Bien qu'originaire du Colorado, Dreadnought nous rappelle un peu la scène de San Francisco d'il y a une dizaine d'années, laquelle, autour de formations telles que Worm Ouroboros, Ludicra ou Amber Asylum, façonnait une musique ambitieuse à la confluence du doom et des musiques progressives et atmosphériques. La voix puissamment émotionnelle de la guitariste Kelly Schilling n'est sans doute pas étrangère à cette filiation, de même le fait que Profound Lore Records héberge le groupe au sein d'un catalogue qu'ont enrichi en leur temps les formations citées plus haut.
"The Endless" succède à quatre offrandes gravées depuis 2013 dont la beauté étrange des pochettes et surtout la qualité n'ont pas manqué de capter l'attention des oreilles sensibles au chant féminin (dés)accordé à une partition aussi dramatique qu'audacieuse. Selon leurs habitudes, les Américains y proposent un menu trapu mais moins que d'ordinaire. Certes toujours étirées, les compositions dressent une architecture plus ramassée, aucune d'entre elles ne franchissant cette fois-ci la barre des dix minutes, même si 'Liminal Veil' voisine avec ce format. Relativement plus courtes donc que leurs devancières, ces pièces n'en sont pas moins touffues, refuges bourgeonnant d'une multitude de sonorités et d'influences brassées en un bloc torrentueux.
Les vocalises cristallines de Kelly Schilling nous aimantent d'emblée par leur douceur, brise à la fois romantique et spectrale balayant le décor d'un doom tendrement atmosphérique. Mais les brutales morsures black metal infligées par la claviériste Emily Shreve perturbent cette (fausse) quiétude qu'elles hachurent d'une inattendue noirceur tandis que percussions pulsatives, guitares aux allures de contreforts dramatiques et notes de piano grêles achèvent de brouiller l'horizon. Tel est 'Worlds Break', amorce protéiforme riche de nombreuses lueurs, qui résume idéalement la démarche développée par Dreadnought, explorateur d'un dédale sonore et sensitif que nimbe un arôme évolutif.
Les titres suivants sont taillés dans cette même écorce puissante et diaphane tout ensemble. Quoique tout du long dominé par la beauté d'airain que diffuse le spectre vocal de la maîtresse des lieux, une tension gronde néanmoins constamment même lorsque sont éconduits les rugissements écorchés et autres traits plus appuyés à l'image de 'The Paradigm Mirror' dont on sent qu'il palpite de contractions souterraines. Au vrai, chaque morceau bataille entre ombre et lumière, entre clarté et tumultes, tissant une toile complexe et tortueuse, témoin ce 'Liminal Veil', réceptacle immersif d'un progressif noir où claviers stellaires, battements percussifs, guitare déchirante et chant hybride s'accouplent en un magma sinueux.
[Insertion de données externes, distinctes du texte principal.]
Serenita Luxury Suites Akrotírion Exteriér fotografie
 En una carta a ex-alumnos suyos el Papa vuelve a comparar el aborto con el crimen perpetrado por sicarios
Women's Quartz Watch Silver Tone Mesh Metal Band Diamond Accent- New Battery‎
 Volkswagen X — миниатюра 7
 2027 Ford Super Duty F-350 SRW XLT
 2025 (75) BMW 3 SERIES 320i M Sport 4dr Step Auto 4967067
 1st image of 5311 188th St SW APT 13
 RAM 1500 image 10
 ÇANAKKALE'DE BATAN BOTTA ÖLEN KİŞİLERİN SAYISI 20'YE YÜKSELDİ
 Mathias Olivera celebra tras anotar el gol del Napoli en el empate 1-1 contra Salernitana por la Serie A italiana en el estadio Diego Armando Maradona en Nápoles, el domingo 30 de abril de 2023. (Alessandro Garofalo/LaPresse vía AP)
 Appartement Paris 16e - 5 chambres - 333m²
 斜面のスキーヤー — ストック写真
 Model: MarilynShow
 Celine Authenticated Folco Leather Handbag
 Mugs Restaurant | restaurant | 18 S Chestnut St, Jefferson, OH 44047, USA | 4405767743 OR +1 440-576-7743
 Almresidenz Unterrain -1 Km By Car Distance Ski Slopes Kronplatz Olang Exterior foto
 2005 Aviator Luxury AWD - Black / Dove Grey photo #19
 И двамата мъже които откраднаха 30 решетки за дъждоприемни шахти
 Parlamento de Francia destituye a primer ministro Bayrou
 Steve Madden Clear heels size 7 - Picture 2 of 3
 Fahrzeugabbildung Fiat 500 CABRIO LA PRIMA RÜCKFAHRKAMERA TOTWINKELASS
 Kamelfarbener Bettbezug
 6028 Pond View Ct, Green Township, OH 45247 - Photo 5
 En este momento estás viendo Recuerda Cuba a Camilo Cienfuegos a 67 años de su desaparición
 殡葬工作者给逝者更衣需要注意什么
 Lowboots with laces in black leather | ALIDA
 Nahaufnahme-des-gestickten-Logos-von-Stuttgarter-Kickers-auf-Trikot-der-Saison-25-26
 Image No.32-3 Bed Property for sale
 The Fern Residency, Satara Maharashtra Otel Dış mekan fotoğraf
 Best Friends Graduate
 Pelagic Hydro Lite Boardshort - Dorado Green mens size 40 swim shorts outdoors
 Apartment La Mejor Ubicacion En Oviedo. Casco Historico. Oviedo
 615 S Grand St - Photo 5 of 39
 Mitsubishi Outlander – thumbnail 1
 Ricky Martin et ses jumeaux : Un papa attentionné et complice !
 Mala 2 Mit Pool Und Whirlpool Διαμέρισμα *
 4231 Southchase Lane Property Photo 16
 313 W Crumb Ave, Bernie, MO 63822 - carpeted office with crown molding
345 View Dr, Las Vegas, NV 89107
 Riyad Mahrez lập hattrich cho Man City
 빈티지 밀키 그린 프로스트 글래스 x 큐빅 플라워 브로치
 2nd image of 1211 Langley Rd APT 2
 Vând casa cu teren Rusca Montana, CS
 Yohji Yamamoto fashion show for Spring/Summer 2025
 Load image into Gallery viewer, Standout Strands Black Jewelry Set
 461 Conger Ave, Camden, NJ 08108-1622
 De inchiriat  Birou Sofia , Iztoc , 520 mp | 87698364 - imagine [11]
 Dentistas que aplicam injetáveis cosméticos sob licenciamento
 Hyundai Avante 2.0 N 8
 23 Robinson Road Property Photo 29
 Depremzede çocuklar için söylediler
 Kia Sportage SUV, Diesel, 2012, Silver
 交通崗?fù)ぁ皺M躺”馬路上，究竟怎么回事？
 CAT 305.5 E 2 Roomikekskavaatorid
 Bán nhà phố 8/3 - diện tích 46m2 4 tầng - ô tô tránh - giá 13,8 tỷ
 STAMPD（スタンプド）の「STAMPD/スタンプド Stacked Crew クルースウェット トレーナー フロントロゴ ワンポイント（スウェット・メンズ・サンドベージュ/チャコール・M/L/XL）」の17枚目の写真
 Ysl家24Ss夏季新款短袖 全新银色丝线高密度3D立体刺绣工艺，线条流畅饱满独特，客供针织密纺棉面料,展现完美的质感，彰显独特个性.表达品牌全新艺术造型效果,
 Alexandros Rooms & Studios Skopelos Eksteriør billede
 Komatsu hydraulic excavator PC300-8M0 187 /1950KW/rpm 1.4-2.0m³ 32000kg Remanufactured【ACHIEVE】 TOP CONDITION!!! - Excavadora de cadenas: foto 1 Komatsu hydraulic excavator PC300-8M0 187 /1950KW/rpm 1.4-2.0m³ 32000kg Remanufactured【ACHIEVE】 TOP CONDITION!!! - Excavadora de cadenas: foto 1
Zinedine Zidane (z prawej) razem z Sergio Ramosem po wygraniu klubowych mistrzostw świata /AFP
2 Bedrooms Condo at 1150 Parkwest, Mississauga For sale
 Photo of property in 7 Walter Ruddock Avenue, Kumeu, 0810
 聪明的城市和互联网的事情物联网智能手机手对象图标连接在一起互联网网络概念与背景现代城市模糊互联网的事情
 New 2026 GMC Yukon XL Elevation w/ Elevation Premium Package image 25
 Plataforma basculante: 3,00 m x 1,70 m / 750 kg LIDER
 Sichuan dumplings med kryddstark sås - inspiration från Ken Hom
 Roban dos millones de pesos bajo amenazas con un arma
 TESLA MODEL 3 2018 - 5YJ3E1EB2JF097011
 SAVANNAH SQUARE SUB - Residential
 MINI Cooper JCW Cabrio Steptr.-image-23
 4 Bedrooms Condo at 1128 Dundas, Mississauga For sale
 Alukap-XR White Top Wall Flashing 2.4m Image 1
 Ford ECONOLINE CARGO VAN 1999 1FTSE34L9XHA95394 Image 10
Dans les profondeurs de ces crevasses s'entrelacent aussi diverses sonorités, doom, progressif, jazz et black metal sans jamais perdre en cohésion, comme l'illustre ce 'Gears Of Violent Endurance' qui, en à peine plus de six minutes, tend un paysage immense dont la foisonnante richesse et l'ambivalence des traits ne lui hôte ni sa noblesse ni son âme. Ses dernières minutes qui galopent très haut vers des cieux inaccessibles, emportées par la voix magique de Kelly sur un lit de percussions enveloppantes, touchent au divin, à l'absolu.
Fort de ses multiples ramifications, "The Endless" est une œuvre aventureuse dont l'apparence limpide cache une tension noueuse et à côté de laquelle les amateurs de mélodies diaphanes puisant dans un gouffre tellurique ne peuvent passer.